Aim of the task: Retype, exactly as they appear below, the lines between the line holding "Wohnbereich mit TV und gemütlicher Couch Wohnbereich" and the line holding "Выиграйте автомобиль OMODA S5.", both ends included.

Brief descriptive captions:
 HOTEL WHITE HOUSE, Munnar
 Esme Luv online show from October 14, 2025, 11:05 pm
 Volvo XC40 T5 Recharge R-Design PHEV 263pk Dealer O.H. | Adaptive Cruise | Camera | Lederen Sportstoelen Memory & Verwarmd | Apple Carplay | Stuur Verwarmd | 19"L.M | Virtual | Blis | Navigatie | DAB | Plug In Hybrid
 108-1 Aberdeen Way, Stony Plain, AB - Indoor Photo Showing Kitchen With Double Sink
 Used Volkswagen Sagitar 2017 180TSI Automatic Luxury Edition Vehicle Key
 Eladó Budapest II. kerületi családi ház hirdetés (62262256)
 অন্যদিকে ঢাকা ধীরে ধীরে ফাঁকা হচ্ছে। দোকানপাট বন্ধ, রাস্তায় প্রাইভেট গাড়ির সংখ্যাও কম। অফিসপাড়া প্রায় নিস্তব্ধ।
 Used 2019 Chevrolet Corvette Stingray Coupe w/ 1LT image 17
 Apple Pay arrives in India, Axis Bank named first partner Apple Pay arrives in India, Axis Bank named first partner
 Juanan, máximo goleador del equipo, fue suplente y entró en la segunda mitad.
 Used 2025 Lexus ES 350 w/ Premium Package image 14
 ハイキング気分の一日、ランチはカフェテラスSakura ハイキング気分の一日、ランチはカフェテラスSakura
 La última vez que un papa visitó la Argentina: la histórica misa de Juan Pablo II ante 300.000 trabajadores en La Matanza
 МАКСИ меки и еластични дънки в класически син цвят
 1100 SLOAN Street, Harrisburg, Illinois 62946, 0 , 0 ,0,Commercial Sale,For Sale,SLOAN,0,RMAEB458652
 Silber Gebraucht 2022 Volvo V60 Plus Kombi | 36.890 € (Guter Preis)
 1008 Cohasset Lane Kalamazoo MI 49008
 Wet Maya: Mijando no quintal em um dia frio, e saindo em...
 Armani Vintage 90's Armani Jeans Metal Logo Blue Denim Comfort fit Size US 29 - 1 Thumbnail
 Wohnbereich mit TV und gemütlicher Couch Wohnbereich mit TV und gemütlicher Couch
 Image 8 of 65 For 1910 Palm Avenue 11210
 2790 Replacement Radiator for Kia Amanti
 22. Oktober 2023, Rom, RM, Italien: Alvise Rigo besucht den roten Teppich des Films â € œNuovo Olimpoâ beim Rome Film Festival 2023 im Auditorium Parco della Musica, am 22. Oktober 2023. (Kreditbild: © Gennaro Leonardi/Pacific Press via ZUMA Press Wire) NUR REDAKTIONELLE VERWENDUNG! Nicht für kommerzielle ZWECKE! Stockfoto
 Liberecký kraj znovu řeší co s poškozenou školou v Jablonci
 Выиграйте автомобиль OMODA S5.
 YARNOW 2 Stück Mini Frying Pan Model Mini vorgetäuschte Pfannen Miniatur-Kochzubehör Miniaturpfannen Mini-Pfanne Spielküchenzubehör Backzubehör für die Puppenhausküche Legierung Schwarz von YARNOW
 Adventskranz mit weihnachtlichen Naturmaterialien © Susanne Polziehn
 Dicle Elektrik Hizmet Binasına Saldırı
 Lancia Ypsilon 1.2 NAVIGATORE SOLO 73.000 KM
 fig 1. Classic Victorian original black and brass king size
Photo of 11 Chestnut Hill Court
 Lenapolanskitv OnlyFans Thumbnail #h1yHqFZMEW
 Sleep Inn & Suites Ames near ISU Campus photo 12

Response box:
 Wohnbereich mit TV und gemütlicher Couch Wohnbereich mit TV und gemütlicher Couch
 Image 8 of 65 For 1910 Palm Avenue 11210
 2790 Replacement Radiator for Kia Amanti
 22. Oktober 2023, Rom, RM, Italien: Alvise Rigo besucht den roten Teppich des Films â € œNuovo Olimpoâ beim Rome Film Festival 2023 im Auditorium Parco della Musica, am 22. Oktober 2023. (Kreditbild: © Gennaro Leonardi/Pacific Press via ZUMA Press Wire) NUR REDAKTIONELLE VERWENDUNG! Nicht für kommerzielle ZWECKE! Stockfoto
 Liberecký kraj znovu řeší co s poškozenou školou v Jablonci
 Выиграйте автомобиль OMODA S5.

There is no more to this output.